But I am looking forward to a change, scientifically. Single-molecule biophysics has only in the past few years become a mature area that is answering really interesting and novel questions, but, for whatever reasons, it isn’t for me.
I hadn’t mentioned at the time, but my trip to Toronto was really two-fold: the Chemical Biophysics Symposium was a great small conference, but I was also there to visit labs as a prospective Ph.D. student — in the chemistry department!*
All of the labs I visited were doing interesting things, but you can only choose one. Instead of looking at the force-mediated dynamics of biomolecules as I have been for the past couple of years, I’m switching gears to look at (and maybe control) the dynamics of proteins on ultrafast timescales. The Miller lab is an ideal place to do this, where they’ve recently been optically controlling isomerisation of retinal in the protein bacteriorhodopsin with intensity- and phase-shaped light. From a recent paper (subscription required to read the full article):
By modulating the phases and amplitudes of the spectral components in the photoexcitation pulse, we showed that the absolute quantity of 13-cis retinal formed upon excitation can be enhanced or suppressed by ±20% of the yield observed using a short transform-limited pulse having the same actinic energy.
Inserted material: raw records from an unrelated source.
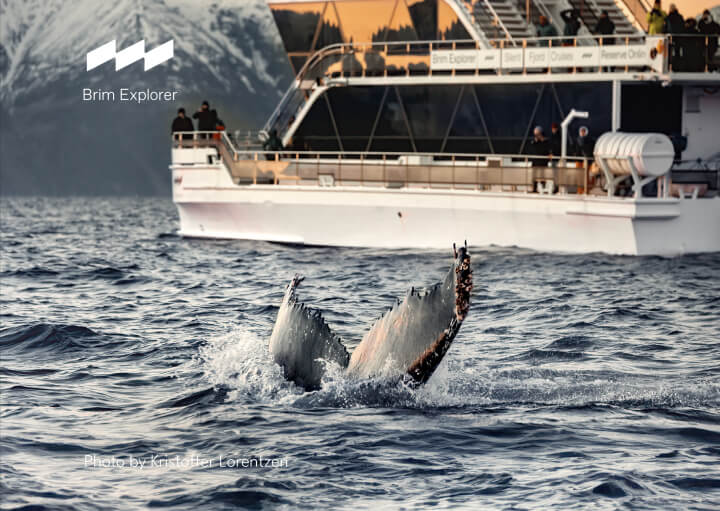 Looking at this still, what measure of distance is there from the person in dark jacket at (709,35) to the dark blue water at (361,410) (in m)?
9.99

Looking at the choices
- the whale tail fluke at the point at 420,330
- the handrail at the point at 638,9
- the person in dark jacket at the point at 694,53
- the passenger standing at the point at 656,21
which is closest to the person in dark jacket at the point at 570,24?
the handrail at the point at 638,9

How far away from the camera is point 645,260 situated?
29.1 metres

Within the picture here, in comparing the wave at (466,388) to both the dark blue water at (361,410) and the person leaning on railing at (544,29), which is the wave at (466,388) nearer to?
the dark blue water at (361,410)

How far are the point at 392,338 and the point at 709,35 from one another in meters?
22.5

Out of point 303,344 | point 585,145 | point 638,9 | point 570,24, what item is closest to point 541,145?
point 585,145

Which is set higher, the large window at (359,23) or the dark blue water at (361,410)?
the large window at (359,23)

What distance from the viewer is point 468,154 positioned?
1350 inches

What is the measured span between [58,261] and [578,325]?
1624 centimetres

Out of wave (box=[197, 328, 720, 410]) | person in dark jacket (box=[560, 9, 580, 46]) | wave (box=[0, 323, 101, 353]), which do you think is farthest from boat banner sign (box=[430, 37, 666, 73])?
wave (box=[197, 328, 720, 410])

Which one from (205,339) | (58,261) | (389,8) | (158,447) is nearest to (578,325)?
(205,339)

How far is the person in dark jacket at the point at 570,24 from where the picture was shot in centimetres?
3503

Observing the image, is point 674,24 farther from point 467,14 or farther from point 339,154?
point 339,154

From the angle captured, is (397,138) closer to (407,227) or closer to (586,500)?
(407,227)

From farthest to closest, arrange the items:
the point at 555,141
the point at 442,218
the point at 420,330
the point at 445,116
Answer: the point at 445,116 < the point at 555,141 < the point at 442,218 < the point at 420,330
The shaped pulses were shown to be phase-sensitive at intensities too low to access different higher electronic states, and so these pulses apparently steer the isomerization through constructive and destructive interference effects, a mechanism supported by observed signatures of vibrational coherence. These results show that the wave properties of matter can be observed and even manipulated in a system as large and complex as a protein.
The details of my project haven’t been worked out, but it is bound to be extremely cool.
* It’s a good thing we recently changed the tagline from “physicists exploring an interest in biology”!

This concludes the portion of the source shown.